7. Miscommunication between business and technical teams

Make sure technical teams don’t choose tools they find technically interesting but that don’t suit the business’ requirements, and make sure business stakeholders don’t choose tools that lack long-term technical viability. BizDevOps is all about integrating feedback from the business side of an organization into its software delivery cycles. It aligns DevOps cycles more closely with business objectives and can prevent miscommunication between teams.

8. Not considering third-party dependencies

Large organizations that have outsourced basic IT functions may find it difficult to transition toward an API-driven model. Third-parties may find it goes against their interests to help clients transition to cloud native architectures as they may spend less money and reduce their dependency. When assessing your pipelines, consider how third-party dependencies could create bottlenecks.

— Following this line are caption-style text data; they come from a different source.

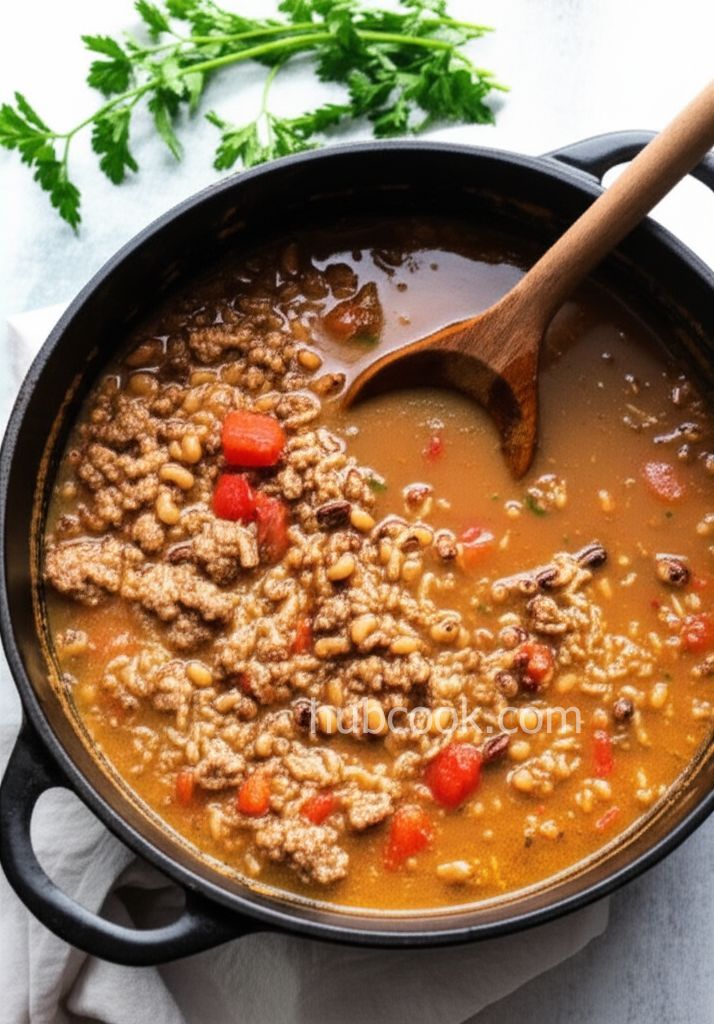 Quick Hoppin' John Soup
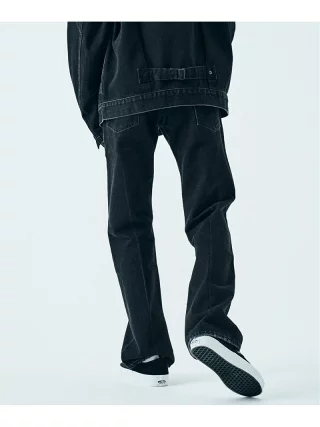 Levis 리바이스 x EDIFICE 517 TM 데님 팬츠 L29 블랙 - 상세 이미지 3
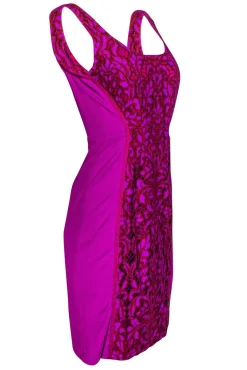 Diane von Furstenberg - Plum Lacy Sleeveless Dress Sz 4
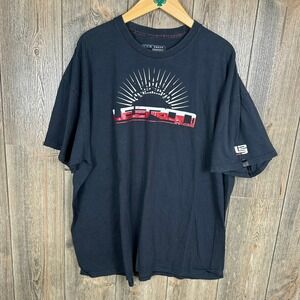 Nike LeBron James Vintage Y2K Graphic T-Shirt LBJ Logo Black Tee Size XXL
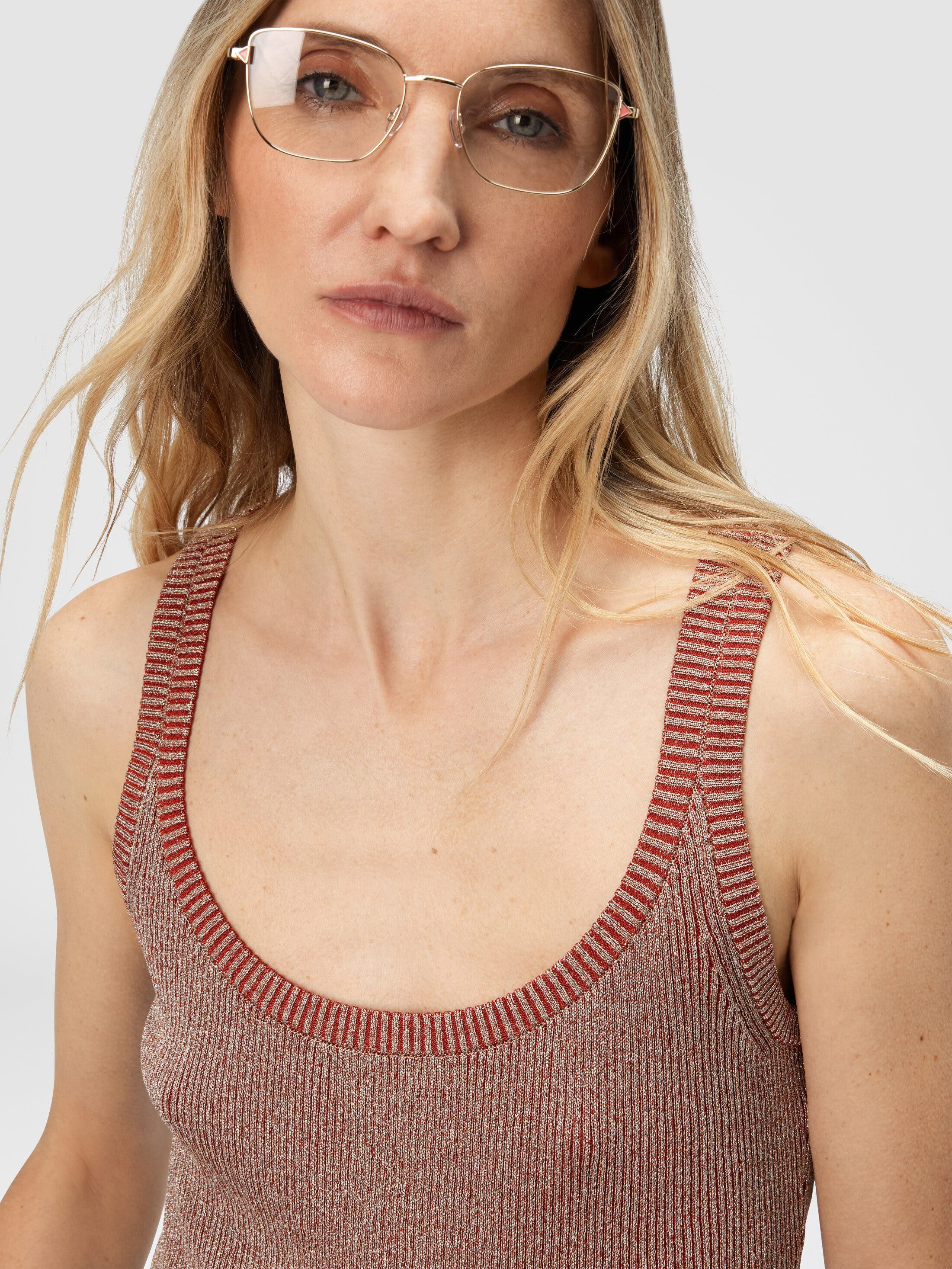 Missoni Tank Top In Viscose And Lamé Blend in Pink Lamé at Nordstrom - 4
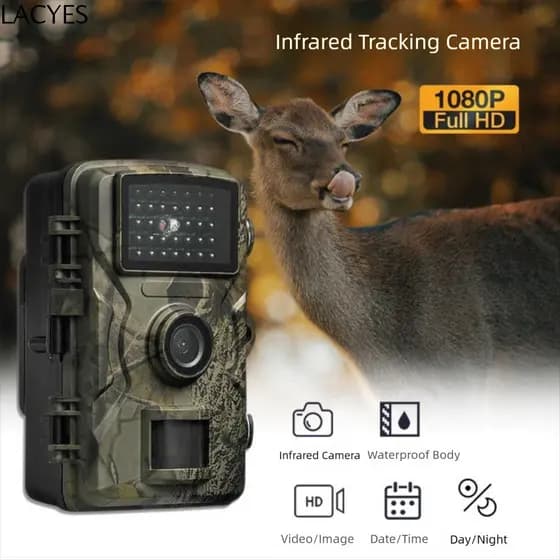 Câmera De Trilha Externa LACYES , Visão Noturna Infravermelha À Prova D'água De Vídeo HD 1080P IP66 , Tecnologia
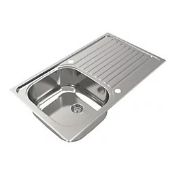 Jabiri Compact 1 Bowl Satin Stainless Steel Sink 600mm x 500mm (LOC: SR3(2.5)-UB5329 - 1LP)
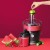 Wyciskarka NutriBullet NBJ100G, Szary, 1,5 L, 0,8 L, Obrotowy, Plastikowy, Stal nierdzewna, 800 W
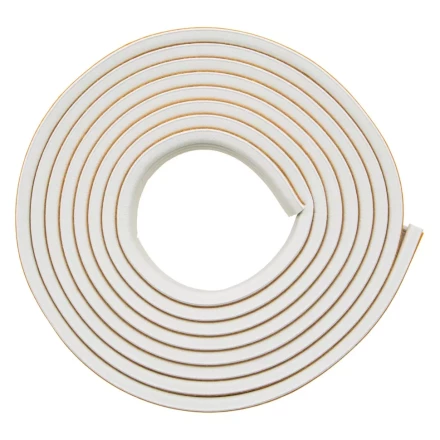 Уплотнитель резиновый, 12 м, профиль "P", белый Сибртех 88907 купить в Нижневартовске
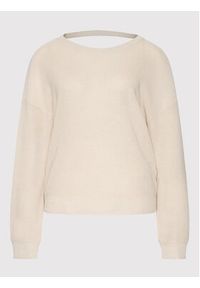 Vero Moda Sweter New Lex Sun 10260391 Écru Relaxed Fit. Materiał: wiskoza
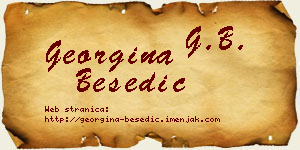 Georgina Besedić vizit kartica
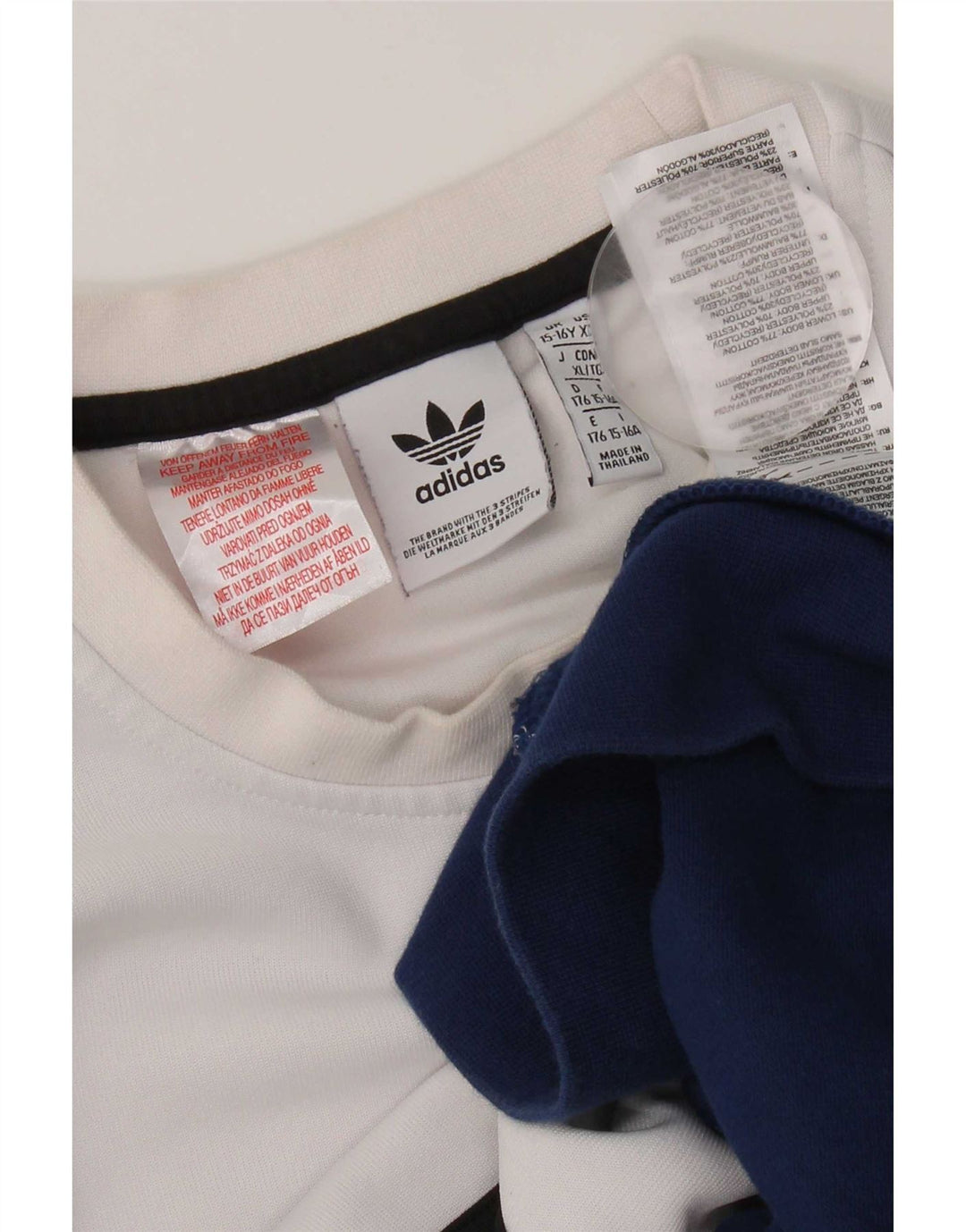 Adidas meninos moletom gráfico jumper 15-16 anos multicolorido colorblock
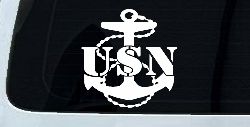 USN Navy Anchor Military Car or Truck Window Decal Sticker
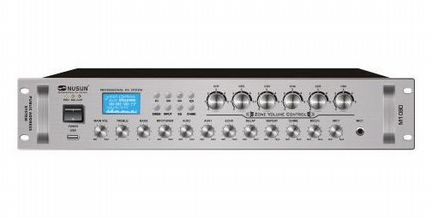 Nusun M-1080 микшер-усилитель, подарок - смартфон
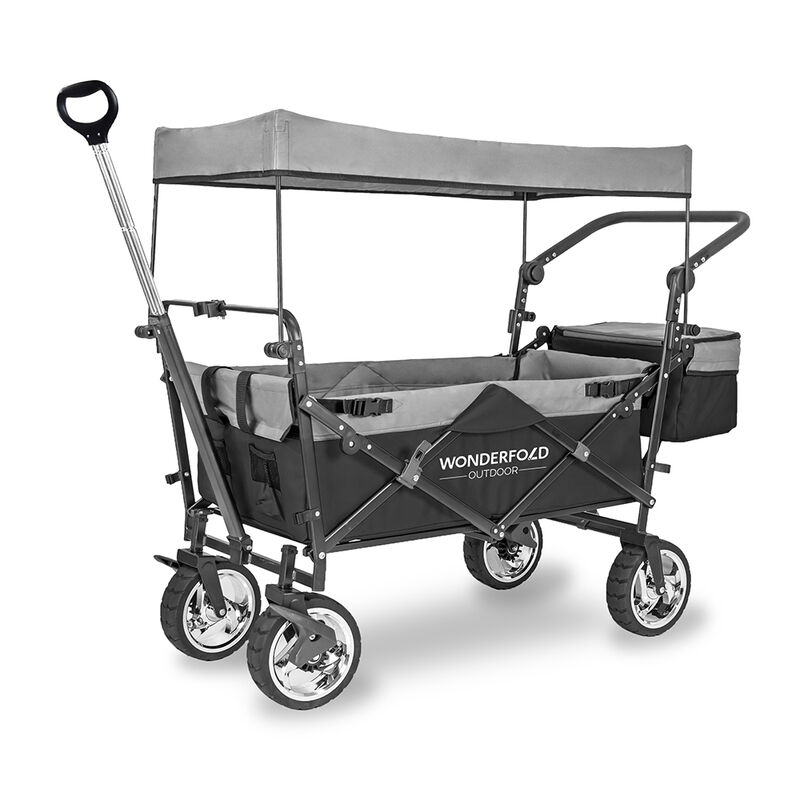 Wonderfold Outdoor S4 Push and Pull Premium Utility Folding Wagon with Canopy image number 1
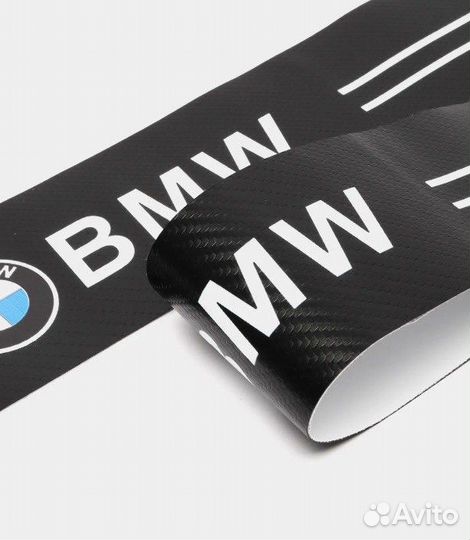 Защитные наклейки на пороги Авто BMW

9. Not thinking about a long-term technology roadmap

As open source projects are likely to survive the rise and fall of various vendors, they can sustain the long-term growth and innovation required to build reliable, resilient, cost-effective, and secure cloud services at scale. However, they can be complex to build, test, manage, and upgrade. Knowing where you want your organization to be technologically in five, even ten years will help you choose open source or commercial tools that match your use case.

10. Not considering the impact on existing structures

While operations have traditionally owned the infrastructure and app developers the application, DevOps requires introducing a new application platform layer that carries an entirely new realm of responsibility between the infrastructure and application. Large enterprises with rigid structures may find this challenging, especially if they have to work around existing (and sometimes painfully obvious) obstacles and bad practices. When architecting an application platform, consider its possible impact on existing structures.

It’s 2020, and DevOps is a necessity not a luxury. When initiating your organization’s DevOps adoption, be sure to avoid making one of these common mistakes.